Nowhere is this more apparent perhaps than in its thriving music scene, where a staggering average of 130 music events every week has helped produce bands such as Franz Ferdinand, Snow Patrol and Travis.

The petulant Mancunian duo of Oasis were also discovered here, it is said, and at one of Glasgow’s most famous music venues, the fabulously-named King Tut’s Wah Wah Hut, a young manager explained to me the secret of how Glasgow’s music scene is so flourishing: “Everyone’s a f**king critic here. They watch some new band and say: ‘That’s crap! I could do better than that’. And so they pick up a guitar and they do.
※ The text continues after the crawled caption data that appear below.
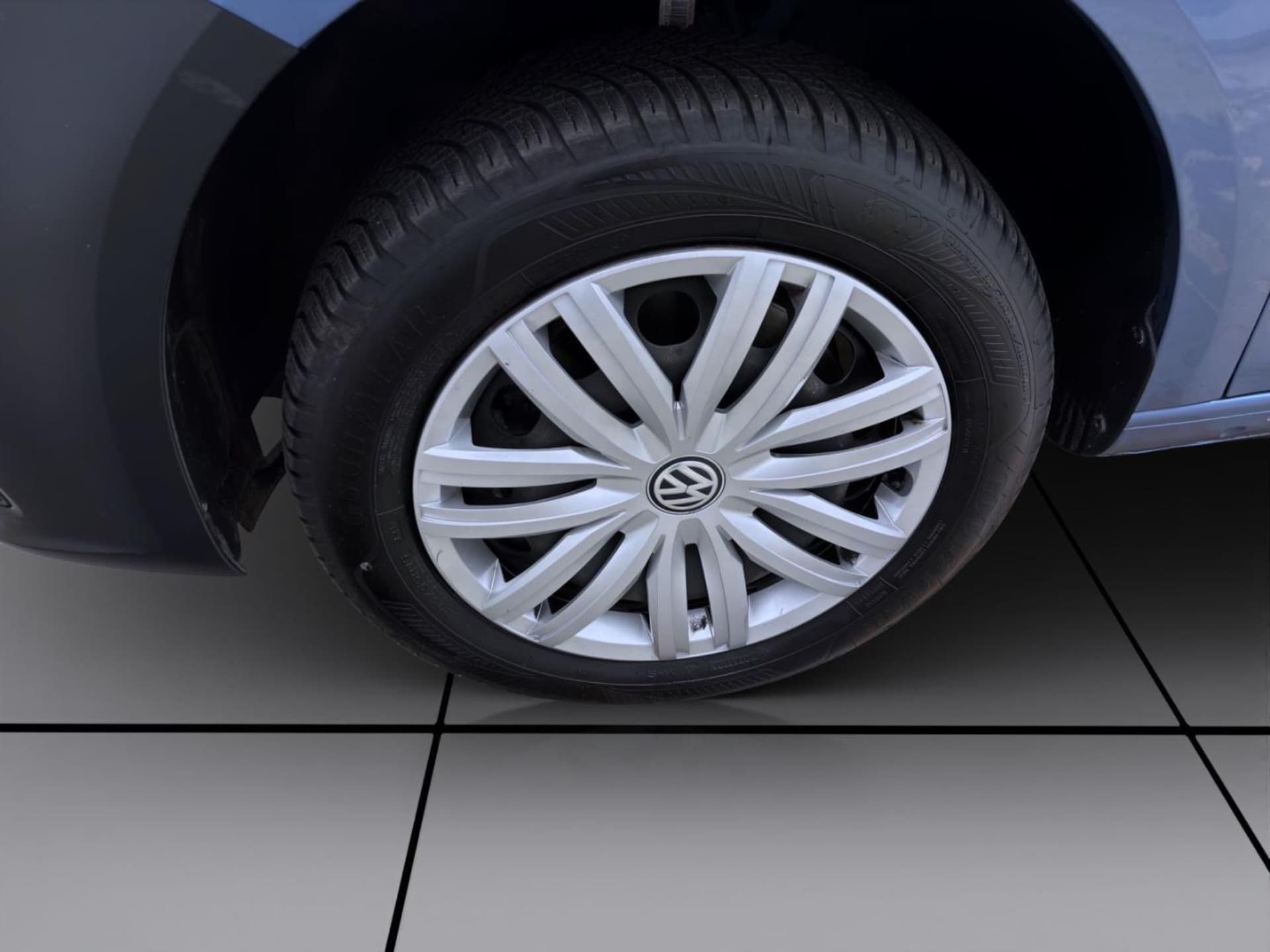 Volkswagen Caddy Maxi Trendline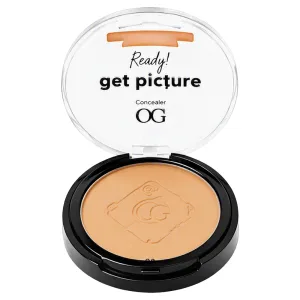 Pó Compacto Outdoor Girl Get Picture Ready F2538 - #104 - 8Gr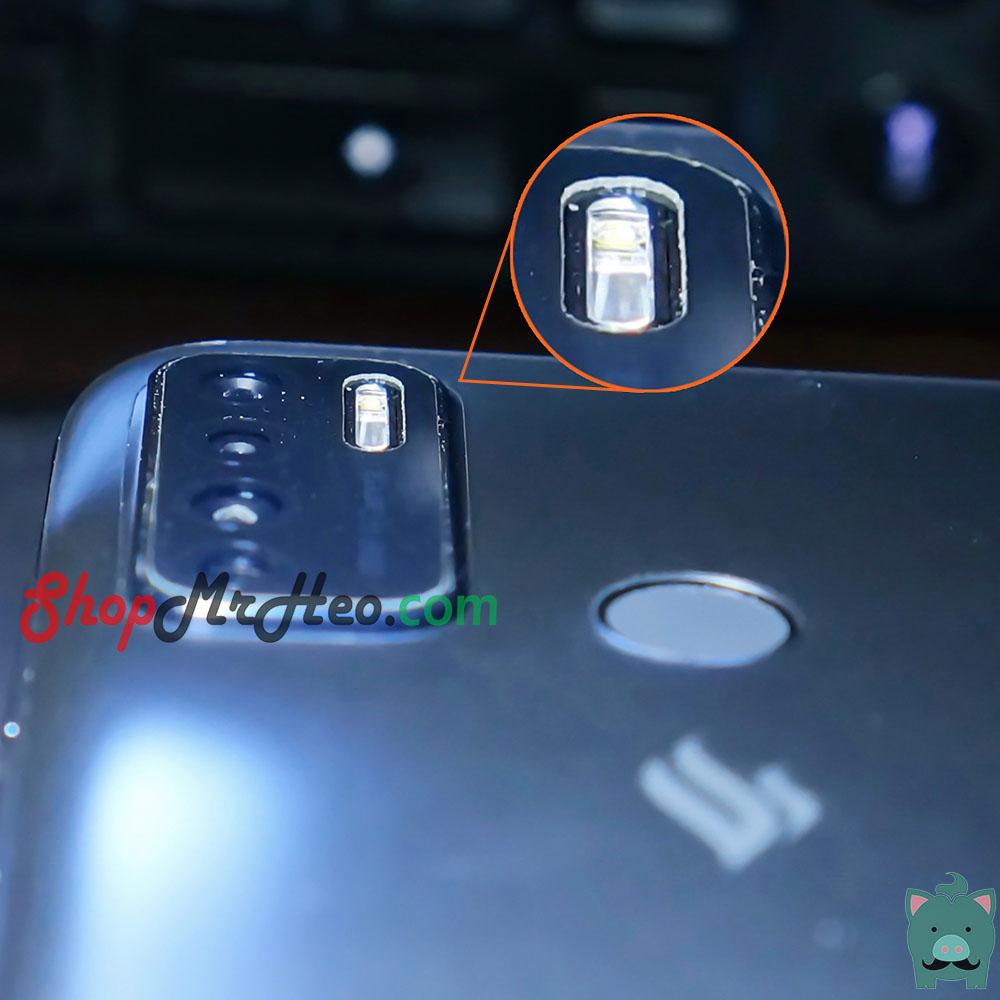 [HCM](Mua 1 tặng 1) Dán Cường Lực Nano Camera Vsmart Live 4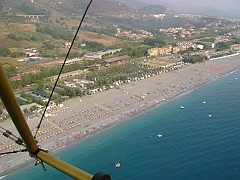 69-foto aeree,Lido Tropical,Diamante,Cosenza,Calabria,Sosta camper,Campeggio,Servizio Spiaggia.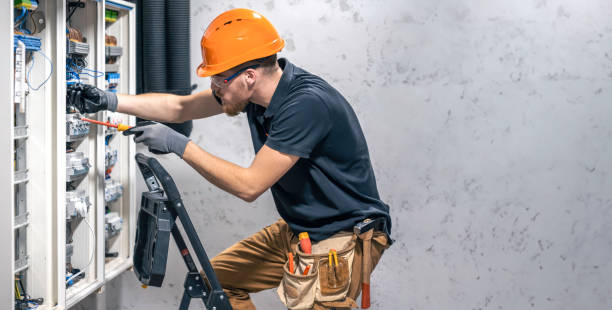 Best Electrical Wiring Services  in Claryville, KY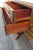 Early 20th Century Berkey and Gay Early 1900s Carved Long Sideboard Buffet Credenza Bathroom Vanity 5630 For Sale - Image 5 of 11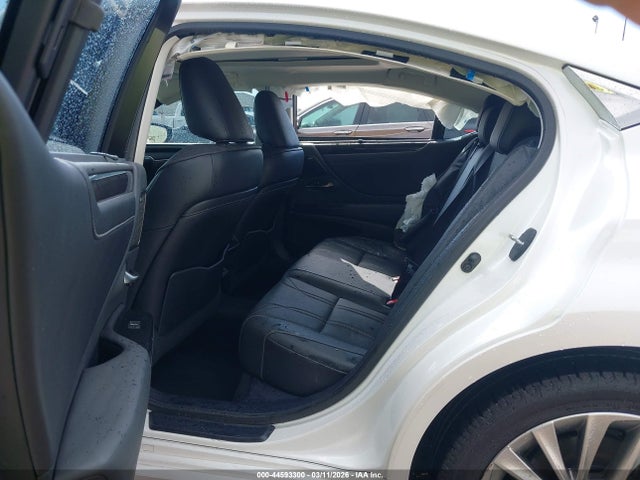Aukcja sprzedaży 2021 Lexus Es 350 Ultra Luxury, vin: 58AFZ1B13MU096933, numer aukcji: 44593300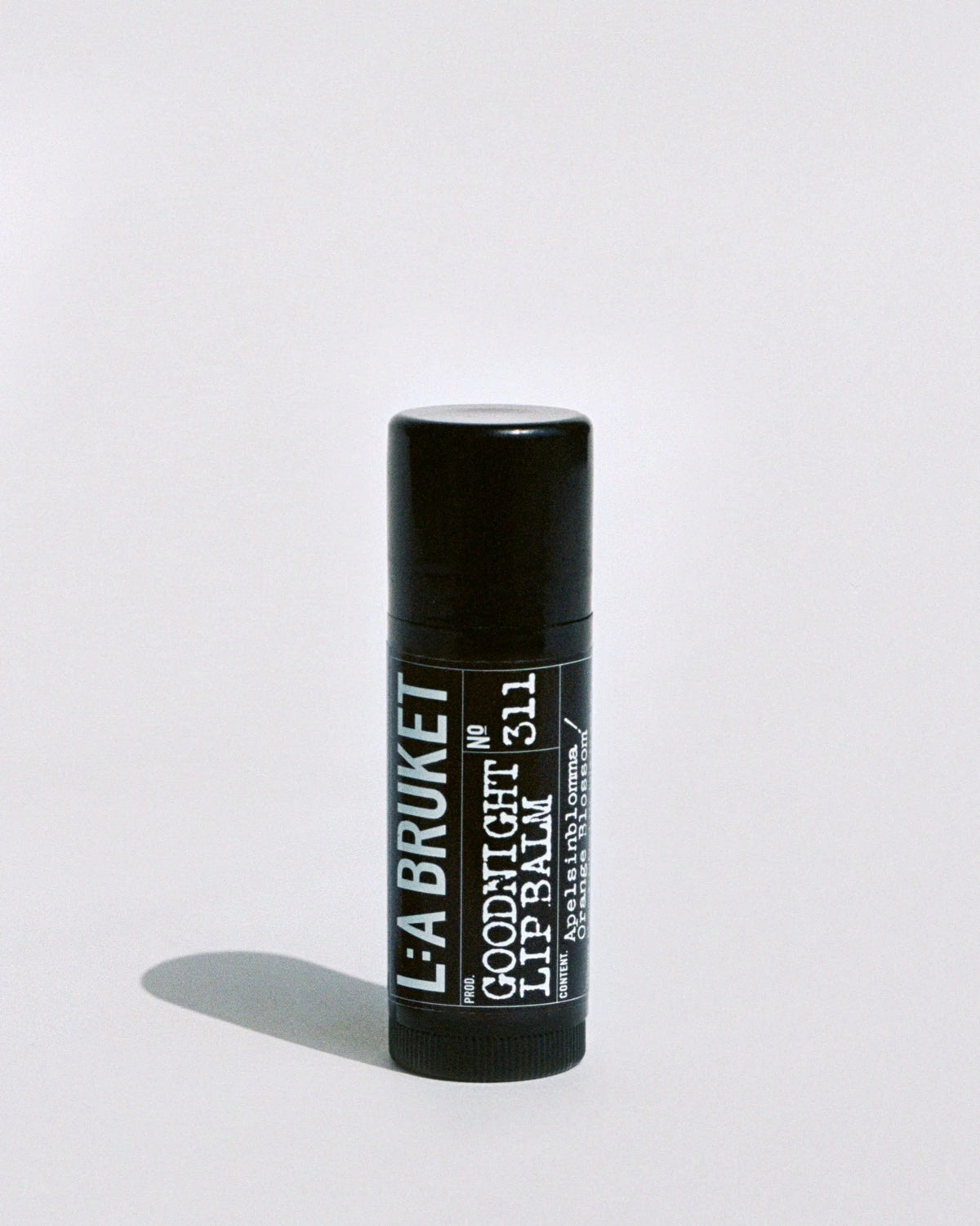L:A BRUKET Lip Balm 14g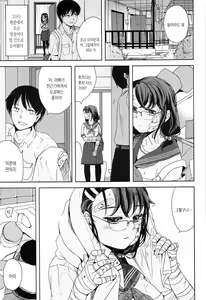 Page 143 of Seifuku Shoujo no Toriatsukaikata - School girl manual | 교복소녀 사용설명서 - preview thumbnail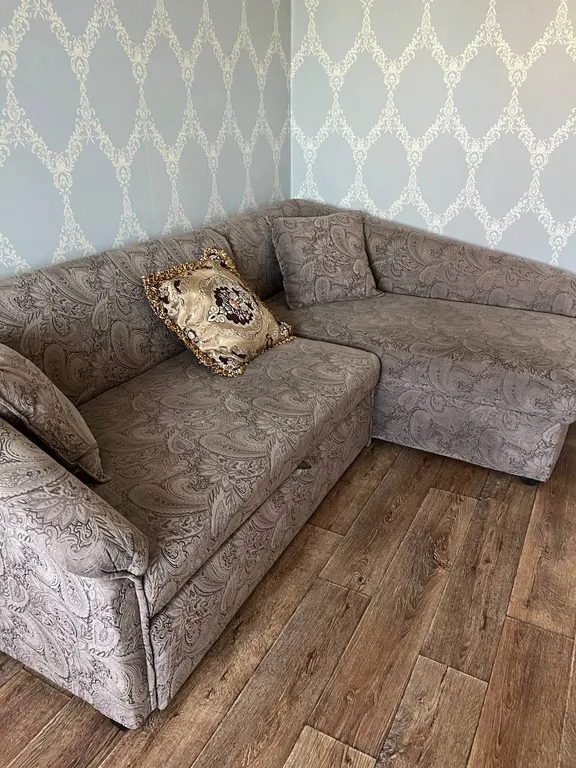 Уютная квартира с wi-fi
It’s like this great competitive spirit!”

But while fierce one-upmanship may be the answer to its musical successes, it was only on visits to places such as the Briggait, Glasgow’s old fish market now refashioned into state-of-the-art painters’ studios, that I really began to see a bigger picture of how Glasgow successfully encourages and even cross-pollinates all of its arts and strengths.

NO WONDERthen that it has so much to boast about these days: European City of Culture in 1990. Second biggest shopping capital after London. Only the third city in Europe after Seville and Bologna to be named a Unesco city of music in 2008. And now the Commonwealth Games scheduled for 2014, for which hotel-occupancy will finally outstrip even Edinburgh.

The result, when you step back and take a look, is a quite astonishing and inspiring rejuvenation story. A city that not only overcame a violent, hard-drinking image of slums, gangs, and industrial dereliction, but re-emerged from it as one of the great cultural cities of Europe.

But it was on a visit to another of the city’s most enduringly popular buildings, the Glasgow School of Art, that I began to see how Glasgow – once one of the world’s richest cities and “Second city of the Empire” – was always a progressive place far ahead of its time.

Founded in the mid-1800s, it was designed by one Charles Rennie Mackintosh – an architectural genius, who also ensured that Glasgow was the first place in the world ever to have tea rooms.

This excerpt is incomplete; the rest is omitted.